E.O. 12958: DECL: 2019/09/02
TAGS: ECON EFIN ECIN EN
SUBJECT: Estonian Economy Falling, Euro Adoption in Trouble

CLASSIFIED BY: Karen Decker, CDA; REASON: 1.4(B),(D)

Classified by Charge Karen Decker for Reasons 1.4 B & D.



C O N F I D E N T I A L TALLINN 000259

SIPDIS
AMEMBASSY ANKARA PASS TO AMCONSUL ADANA
AMEMBASSY ASTANA PASS TO USOFFICE ALMATY
AMEMBASSY BERLIN PASS TO AMCONSUL DUSSELDORF
AMEMBASSY BERLIN PASS TO AMCONSUL LEIPZIG
AMEMBASSY BELGRADE PASS TO AMEMBASSY PODGORICA
AMEMBASSY HELSINKI PASS TO AMCONSUL ST PETERSBURG
AMEMBASSY ATHENS PASS TO AMCONSUL THESSALONIKI
AMEMBASSY MOSCOW PASS TO AMCONSUL VLADIVOSTOK
AMEMBASSY MOSCOW PASS TO AMCONSUL YEKATERINBURG

E.O. 12958: DECL: 2019/09/02
TAGS: ECON EFIN ECIN EN
SUBJECT: Estonian Economy Falling, Euro Adoption in Trouble

CLASSIFIED BY: Karen Decker, CDA; REASON: 1.4(B),(D)

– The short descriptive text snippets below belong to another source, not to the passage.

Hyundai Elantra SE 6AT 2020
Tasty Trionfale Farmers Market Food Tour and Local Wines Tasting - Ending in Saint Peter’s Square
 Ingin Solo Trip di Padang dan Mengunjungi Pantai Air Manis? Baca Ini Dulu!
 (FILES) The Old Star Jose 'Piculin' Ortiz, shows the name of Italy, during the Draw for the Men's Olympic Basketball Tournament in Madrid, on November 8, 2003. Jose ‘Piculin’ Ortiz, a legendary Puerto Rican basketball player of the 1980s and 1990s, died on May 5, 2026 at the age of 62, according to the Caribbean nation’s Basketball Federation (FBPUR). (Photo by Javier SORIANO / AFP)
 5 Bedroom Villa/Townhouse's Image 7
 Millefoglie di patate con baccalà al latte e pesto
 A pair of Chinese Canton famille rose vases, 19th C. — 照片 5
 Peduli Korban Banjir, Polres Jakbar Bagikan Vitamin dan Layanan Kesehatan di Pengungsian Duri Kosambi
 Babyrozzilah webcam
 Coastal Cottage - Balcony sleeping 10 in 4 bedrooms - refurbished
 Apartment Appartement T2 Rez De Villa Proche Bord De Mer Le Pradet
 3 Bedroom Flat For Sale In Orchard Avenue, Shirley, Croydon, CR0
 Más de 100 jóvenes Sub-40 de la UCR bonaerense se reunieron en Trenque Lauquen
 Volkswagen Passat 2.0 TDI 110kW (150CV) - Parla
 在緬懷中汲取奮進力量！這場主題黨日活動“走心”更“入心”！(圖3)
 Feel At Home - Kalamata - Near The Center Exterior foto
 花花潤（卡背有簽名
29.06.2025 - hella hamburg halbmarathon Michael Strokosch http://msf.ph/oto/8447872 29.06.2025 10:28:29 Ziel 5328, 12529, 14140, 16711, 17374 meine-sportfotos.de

Classified by Charge Karen Decker for Reasons 1.4 B & D.




1. (C) Summary: On August 27, the Ministry of Finance (MoF)
predicted the Estonian economy would contract by 14.5 percent in
2009, with positive growth only occurring in 2011. Unemployment
will remain above ten percent for at least the next four years. In
a meeting the same day with visiting Treasury acting-DAS Eric
Meyer, Minister of Finance Jurgen Ligi said the 14.5 percent fall
is the MoF's pessimistic scenario. The best case foresees a
contraction of 13.6 percent this year. Even then, recovery will be
delayed until Estonia's main trading partners, Sweden and Finland,
begin to see positive growth. Government leaders subsequently
stated publicly, and the Central Bank told us privately, that
though the GOE will need to make significant additional cuts to the
budget to meet the Maastricht Criteria, Estonia is on track to
adopt the euro in 2011. Estonia's euro-adoption plans have been
endorsed quietly by European Commission officials, who have told
the GOE to "keep a low profile" (and adhere strictly to Maastricht
criteria) and they will "slide into" the Euro zone. That said,
Ligi told Meyer that if the economy does contract 14.5 percent, as
his ministry publicly predicts, the GOE would not attempt to keep
the budget deficit below three percent and would abandon its goal
of joining the euro zone in the near term. Above all, the
Estonians reiterated to Meyer that Estonia's economy was stronger
and more resilient than its Baltic neighbors. End summary.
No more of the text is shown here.